## Exercise directions
Print, exactly and with no pictures, the line containing "image for item" and each line after it to the end of the entries below.

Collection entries
-.-.-

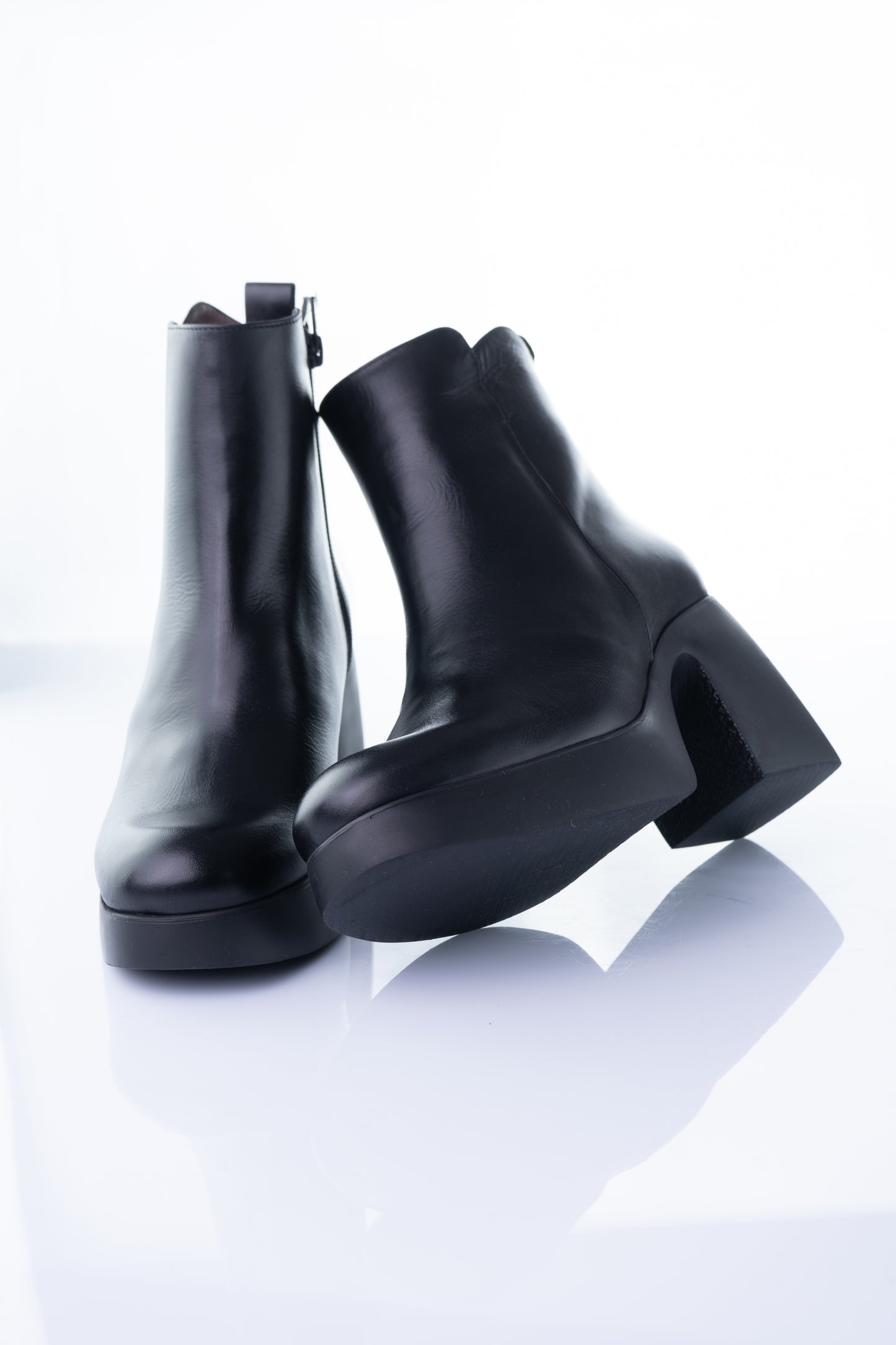 Wonders H-4981 – Black Leather Platform Heel Boot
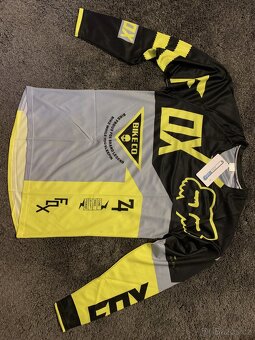 Dres Fox různé velikosti - 6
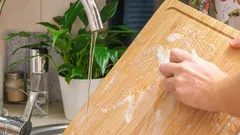 簡単な家庭用品を使って、まな板に菌が繁殖するのを防ぐ方法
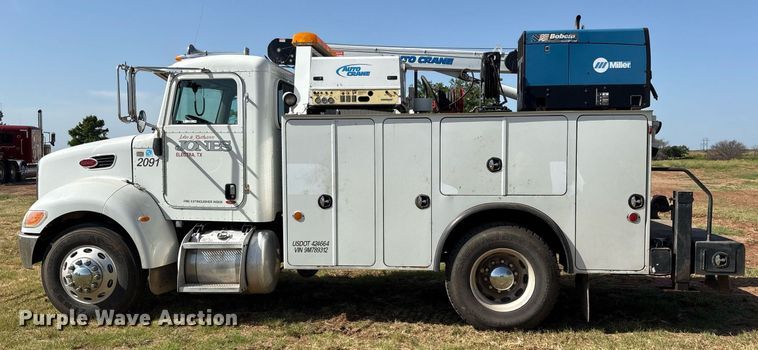 image for item DY0804 2009 Peterbilt 335 utility / service truck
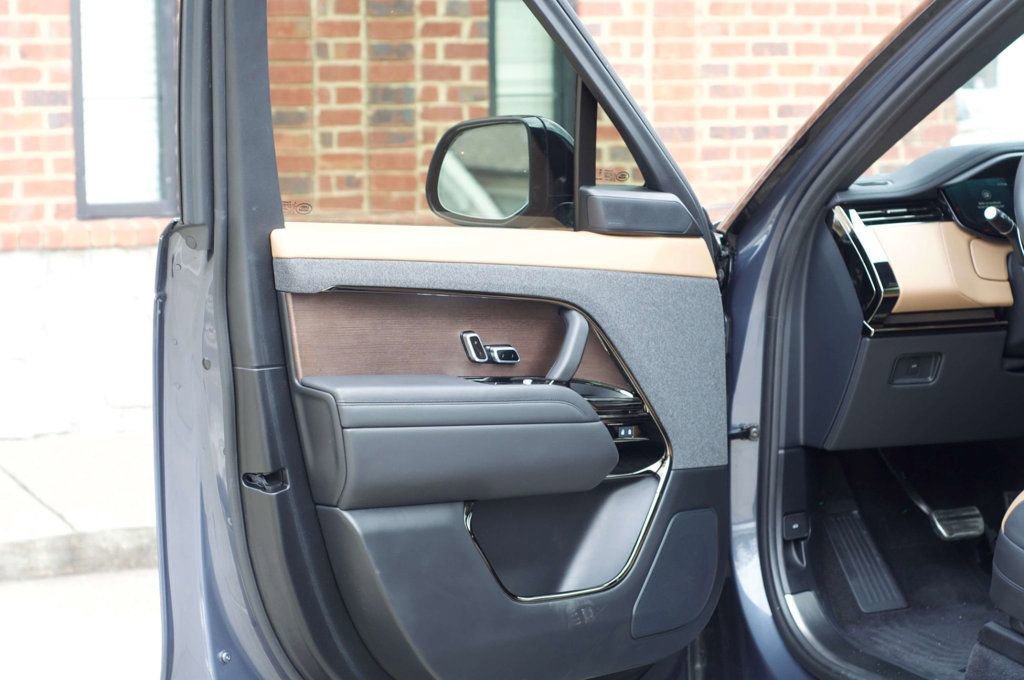 Used 2024 Land Rover Range Rover Sport Dynamic SE image 13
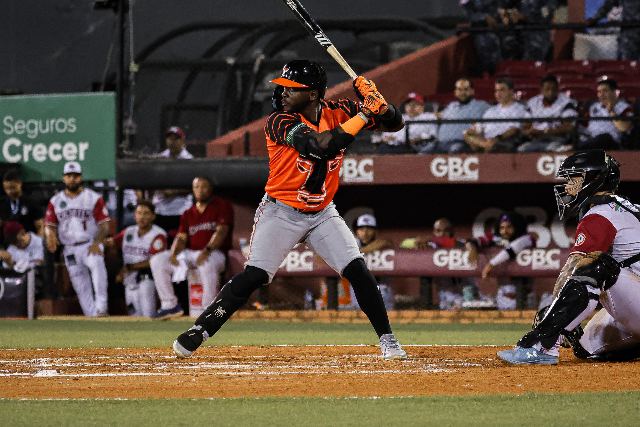 Toros Vs Gigantes: Ronny Simón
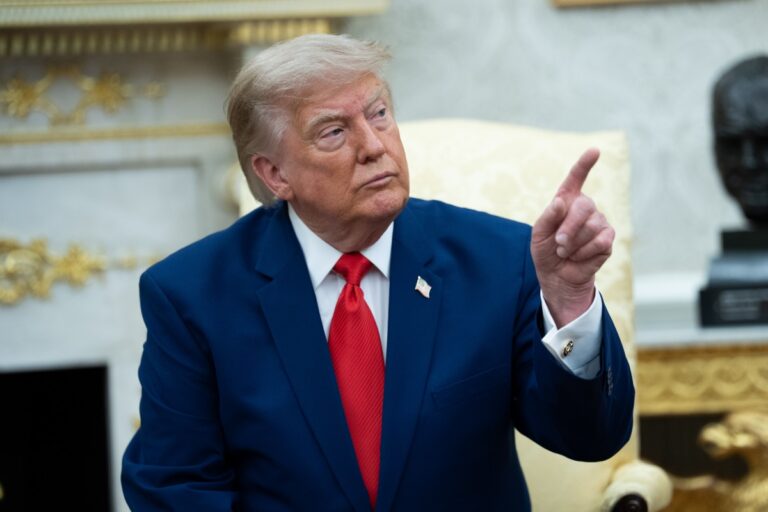 Trump elimina las normas de Biden sobre identidad de género en las escuelas y vuelve a aplicar el sexo biológico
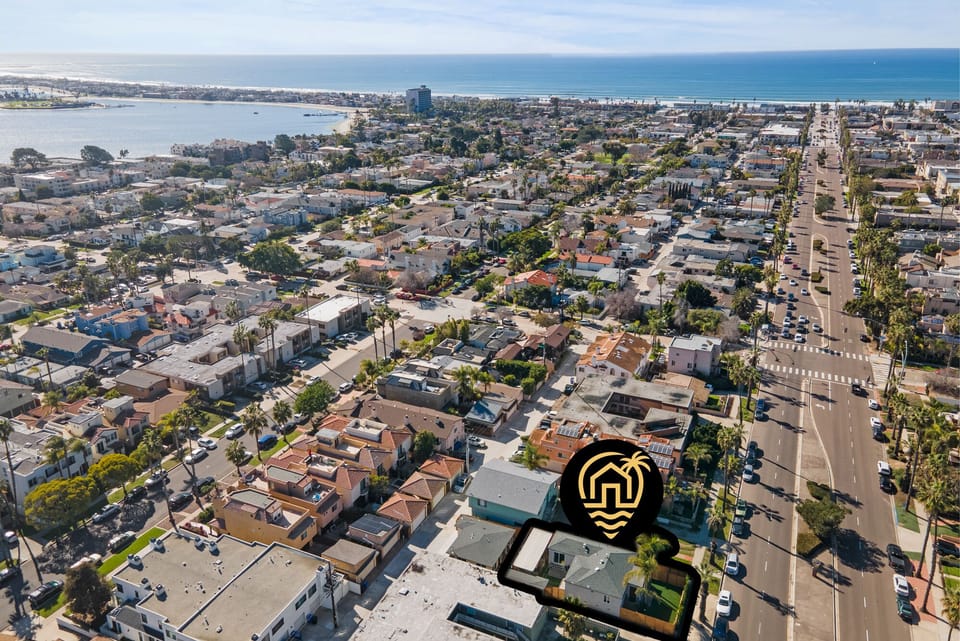 Walking Distance to Beach and Bay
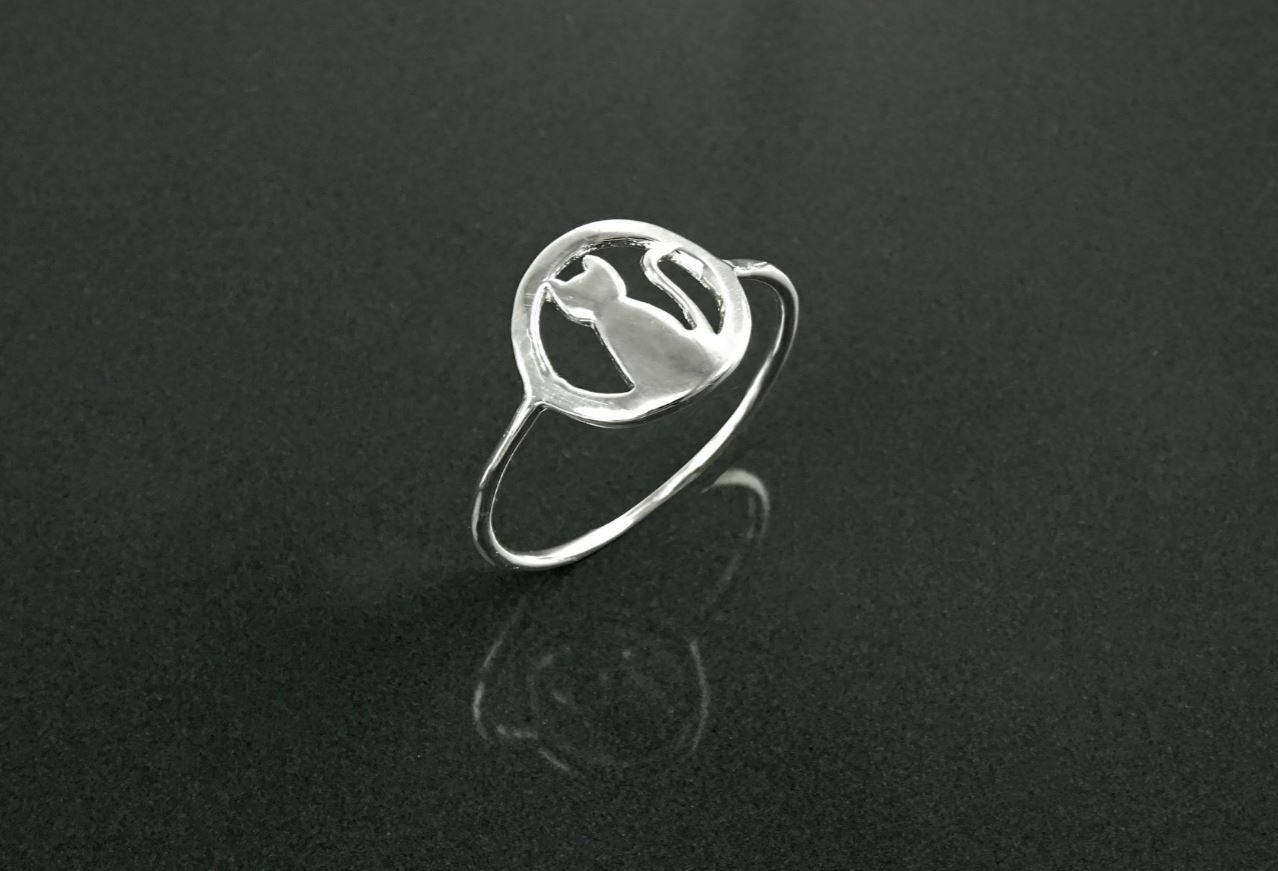 Cat Moon Ring, Sterling Silver, Sitting Cat with Moonlight Round Ring, Kitty Ring, Feline Ring, Pet Jewelry, Pussy Cat Ring, Kitten Ring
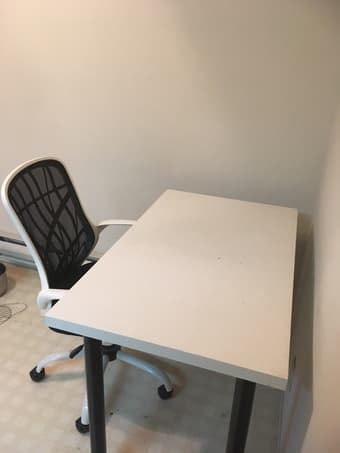 computer desk and chair 1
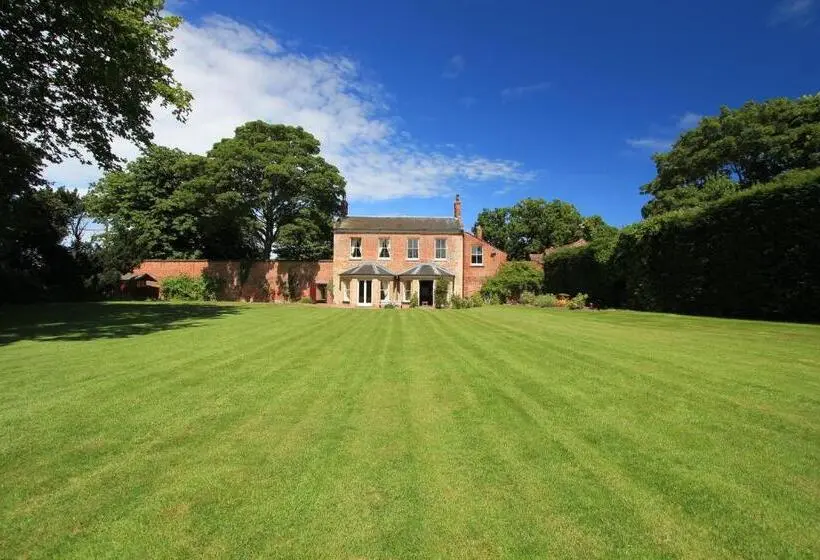 １ベッドルームハウス, The Lawns House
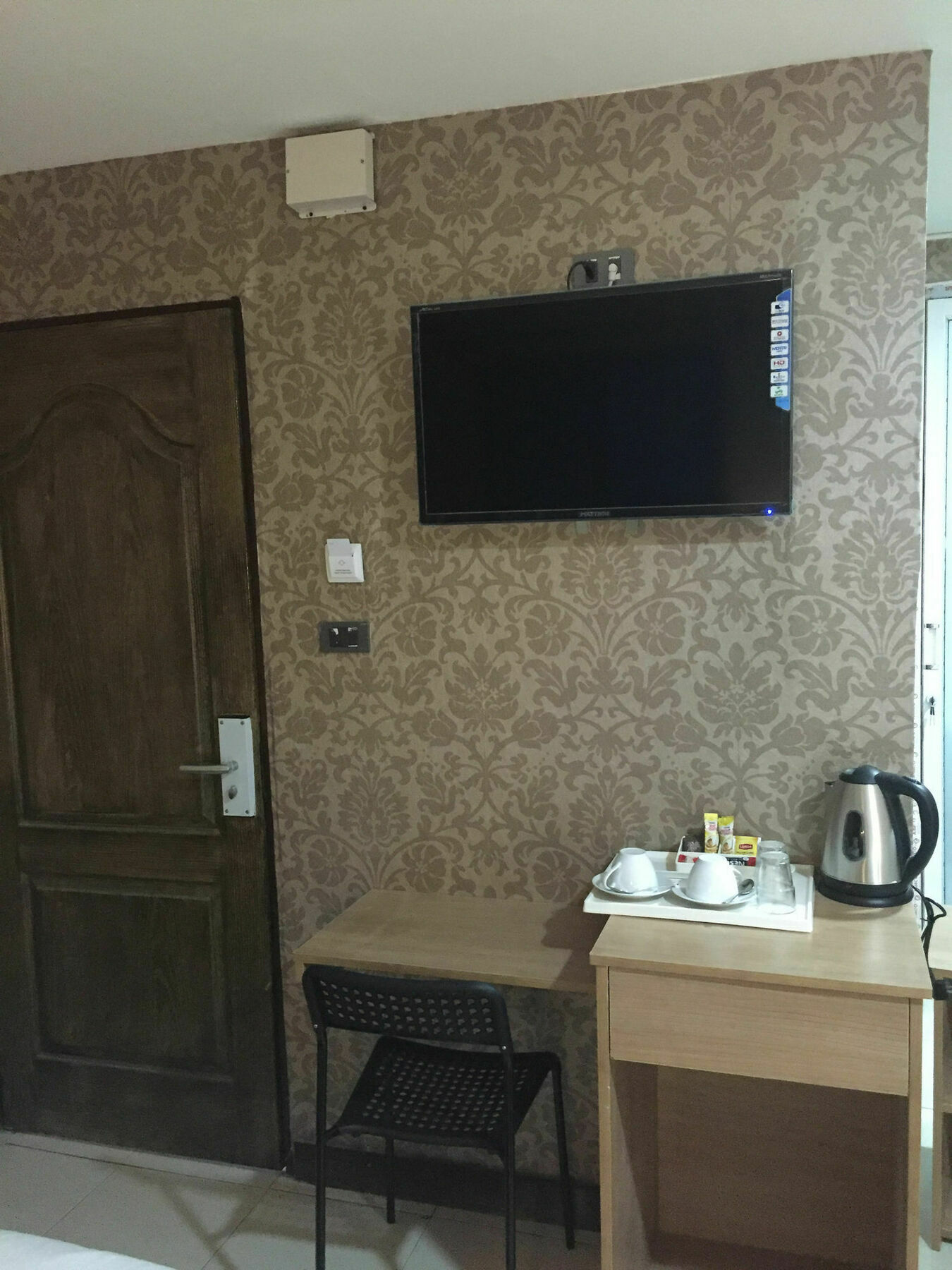 Harrys Suite Hotel Bangkok Exterior foto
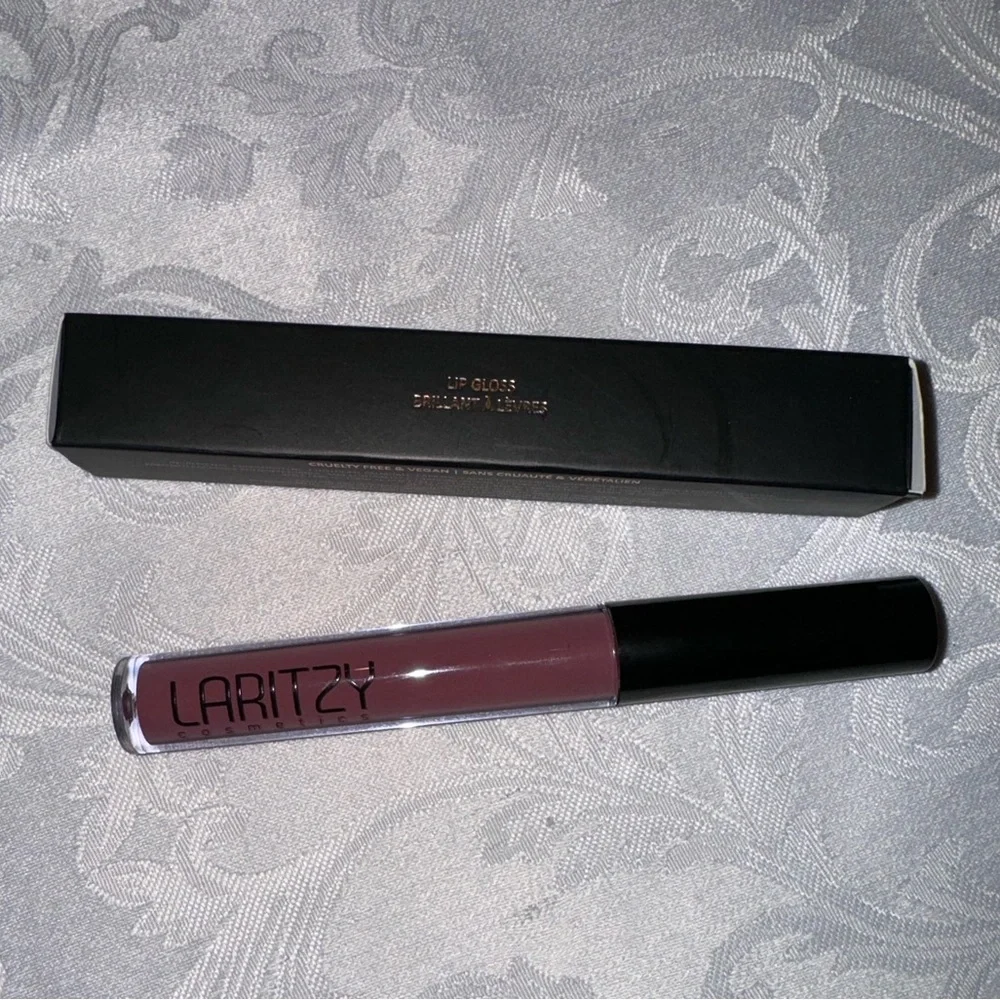 Laritzy Lip Gloss Brilliant ALevres - Nudes, NEW in Box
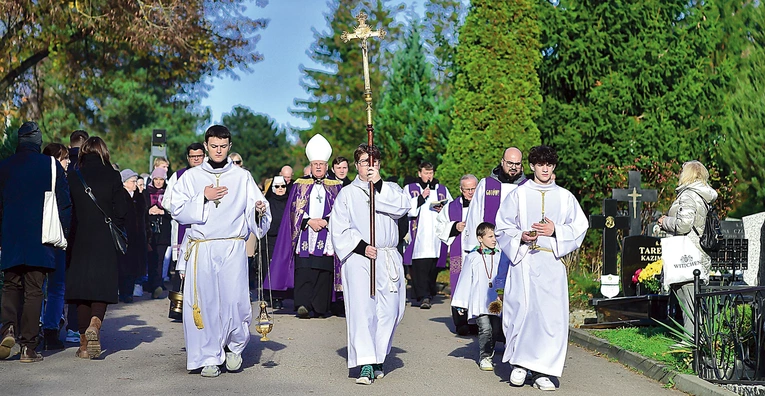 Po Mszy św. odbyła się procesja żałobna. Główną aleją za krzyżem kroczyło wiele osób, zanosząc prośby w intencji tych, którzy zmarli.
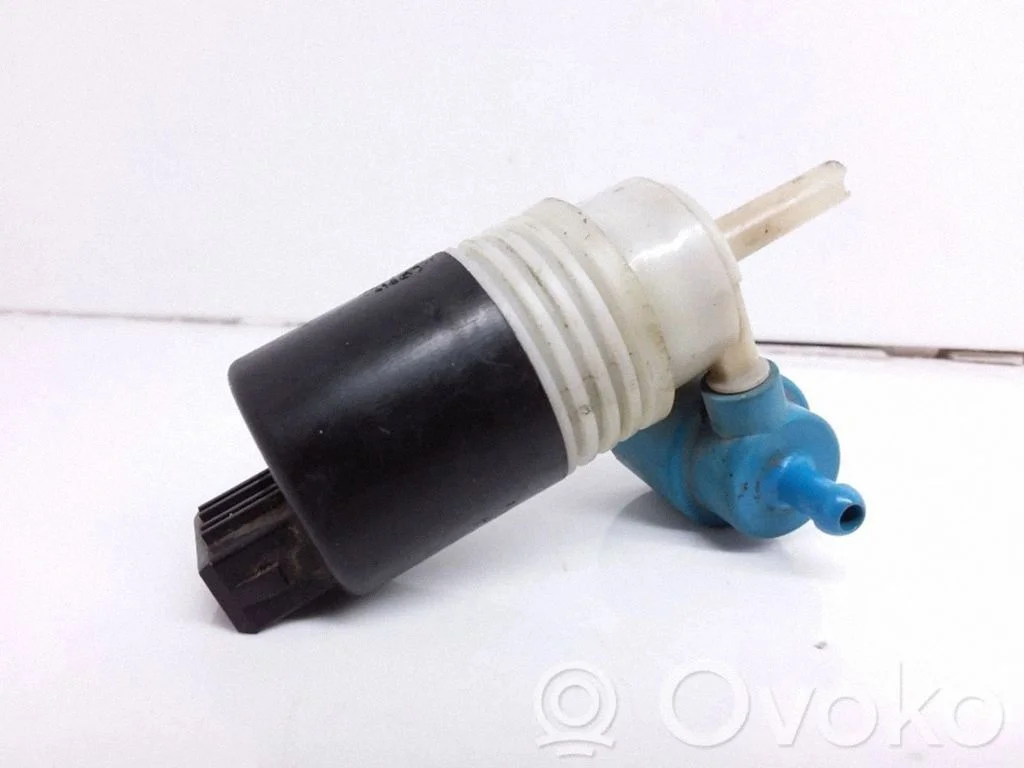 Klaasipesuvedeliku pump (klaaside) – Volkswagen Passat B4 (1994-1996)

-.-.-

## Exercise response
 image for item DY0804 2009 Peterbilt 335 utility / service truck
 Used 2024 Land Rover Range Rover Sport Dynamic SE image 13
 Toros Vs Gigantes: Ronny Simón
 Trump elimina las normas de Biden sobre identidad de género en las escuelas y vuelve a aplicar el sexo biológico
 Walking Distance to Beach and Bay
 Cat Moon Ring, Sterling Silver, Sitting Cat with Moonlight Round Ring, Kitty Ring, Feline Ring, Pet Jewelry, Pussy Cat Ring, Kitten Ring
 computer desk and chair 1
 １ベッドルームハウス, The Lawns House
 Harrys Suite Hotel Bangkok Exterior foto
 Laritzy Lip Gloss Brilliant ALevres - Nudes, NEW in Box
 Po Mszy św. odbyła się procesja żałobna. Główną aleją za krzyżem kroczyło wiele osób, zanosząc prośby w intencji tych, którzy zmarli.
 Klaasipesuvedeliku pump (klaaside) – Volkswagen Passat B4 (1994-1996)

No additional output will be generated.